What are conntrack Helpers?
Conntrack helpers are Linux kernel modules that facilitate the management of connections using dynamic ports, such as FTP, SIP, PPTP, among others. These modules extend the connection tracking system, known as conntrack, allowing certain protocols to operate correctly even when conventional packet filtering would not suffice.
The conntrack system allows the Linux kernel to track active network connections. Every time a packet enters or leaves the system, conntrack attempts to associate it with an existing connection or, if none exists, creates a new record. This is crucial for modern firewalls based on nftables or iptables, as it enables them to decide whether to allow or block packets based on the connection’s state.
Risks and deactivation of conntrack Helpers
However, despite their usefulness, conntrack helpers can pose a security risk.
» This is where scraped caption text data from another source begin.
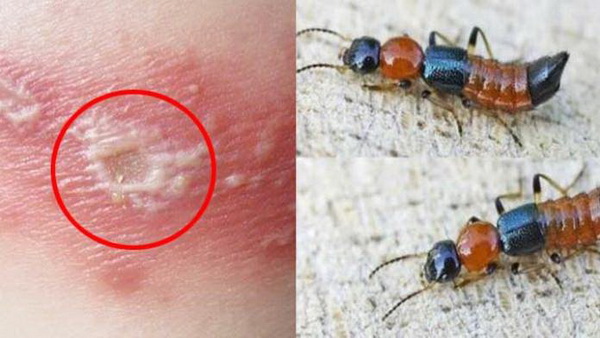 Kiến ba khoang và vết đốt.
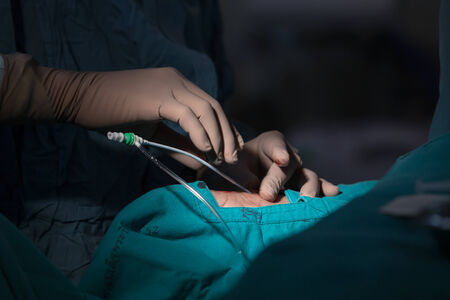 BANGKOK,Thailand-February:16, 2015:The doctor and staff are treating with Angiography,this is a medical imaging technique used to visualize the inside of blood vesselsのeditorial素材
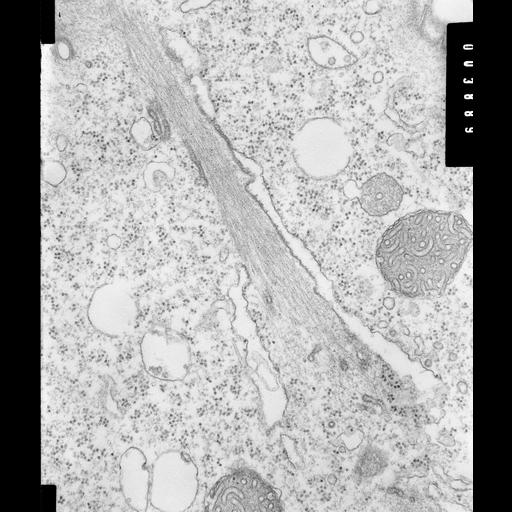  NCBI Organism:Opercularia [NCBITaxon:168247], , ; Cell Types:cell by organism, eukaryotic cell, , ; Cell Components:cortical actin cytoskeleton, , rough endoplasmic reticulum, peroxisomal membrane, peroxisomal matrix, mitochondrial inner membrane; Biological process:, ;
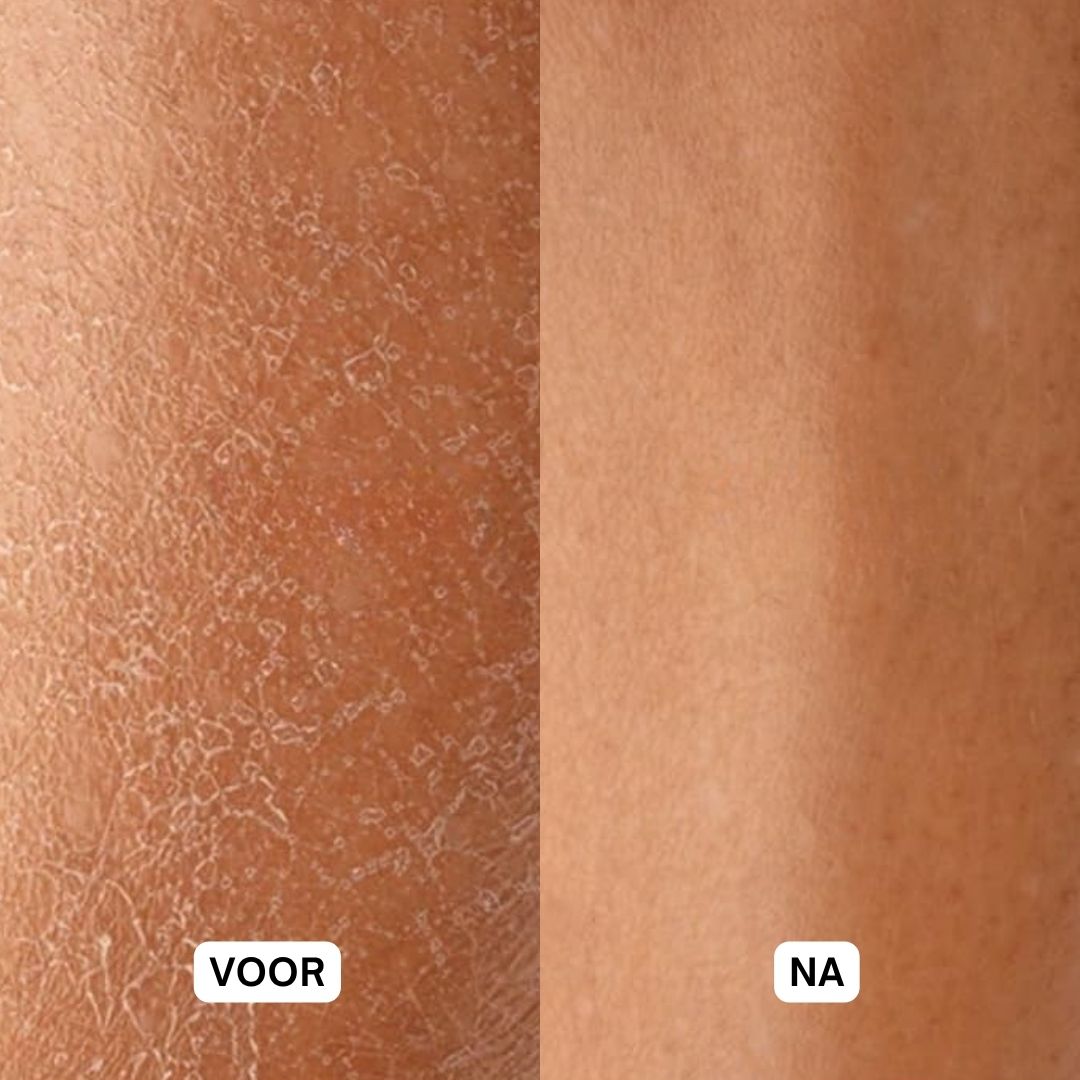 Voor- en na-vergelijking. Droge huid voor gebruik. Gladde huid na gebruik.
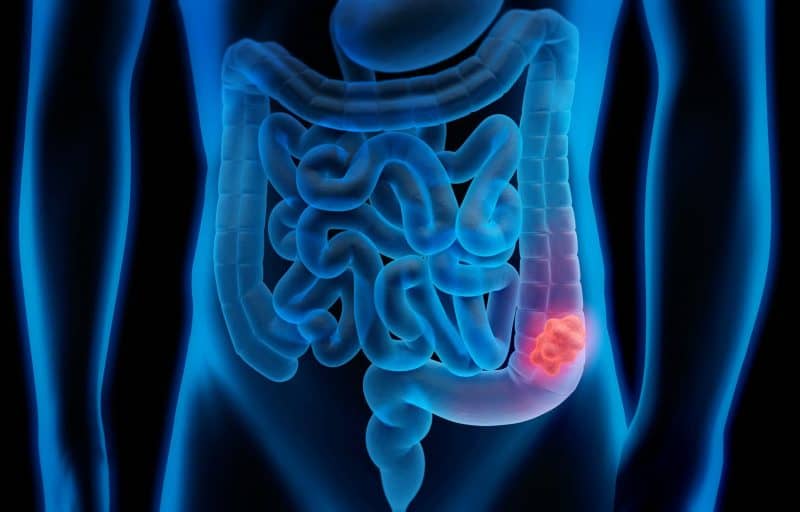 Confusion Over Colon Cancer Syndromes Leads to Wrong Testing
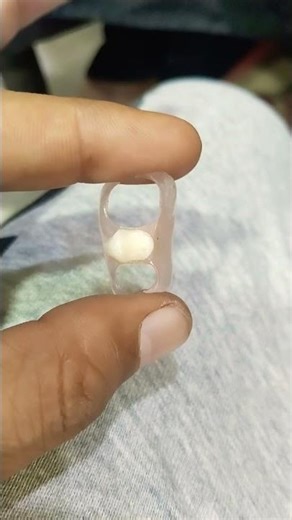 Single Unit Flexible Removable Partial Denture By Haider 😁😁😁#rpddentalprocedure#viralvideo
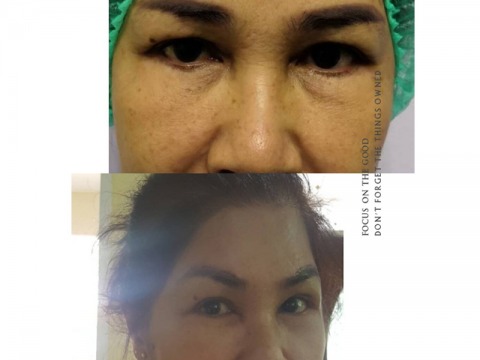 แนะนำคลินิกศัลยกรรมแก้ไขตา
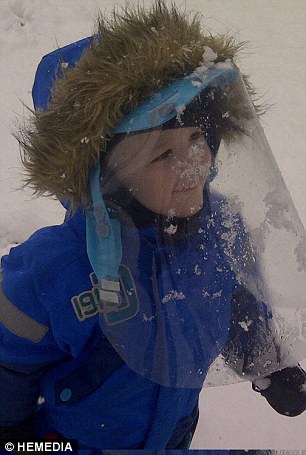 پسری که از نور خورشید سرطان می‌گیرد (+عکس)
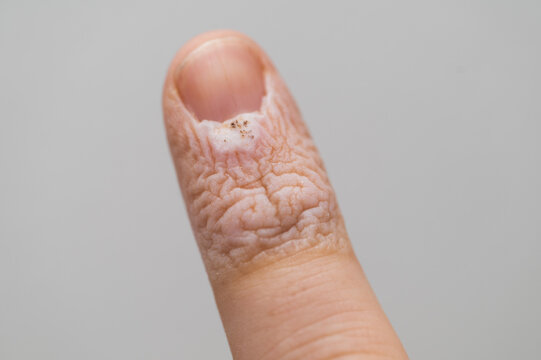 Macro close up of dry cracked skin and fungal infection on human thumb finger nail
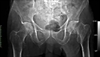No increased delirium with hydromorphone after hip surgery
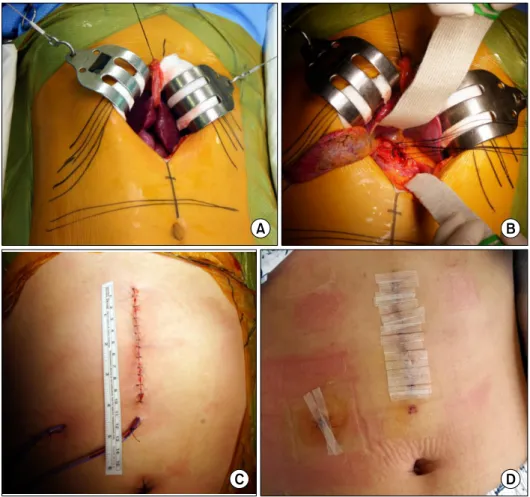 Fig. 2. Operative photographs of  upper midline mini-laparotomy  in a 32-year-old female patient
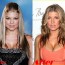 Fergie Breast implants surgery before and after boob job photos 2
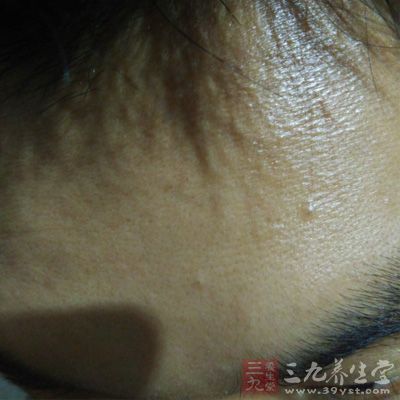 辟谣3:长痘痘是因为有螨虫? 辟谣3:长痘痘是因为有螨虫?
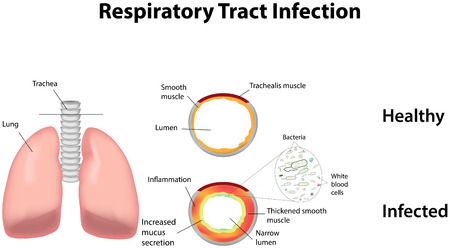 Respiratory Tract Infectionのイラスト素材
They can be exploited to open random ports without the system administrator’s knowledge, allowing unauthorized traffic, disguising malicious connections as legitimate, or even bypassing firewall rules to enable incoming connections that would normally be blocked.
Due to these risks, recent versions of the Linux kernel have disabled the autoloading of helpers by default, and starting with the 6.x series, this functionality has been completely removed.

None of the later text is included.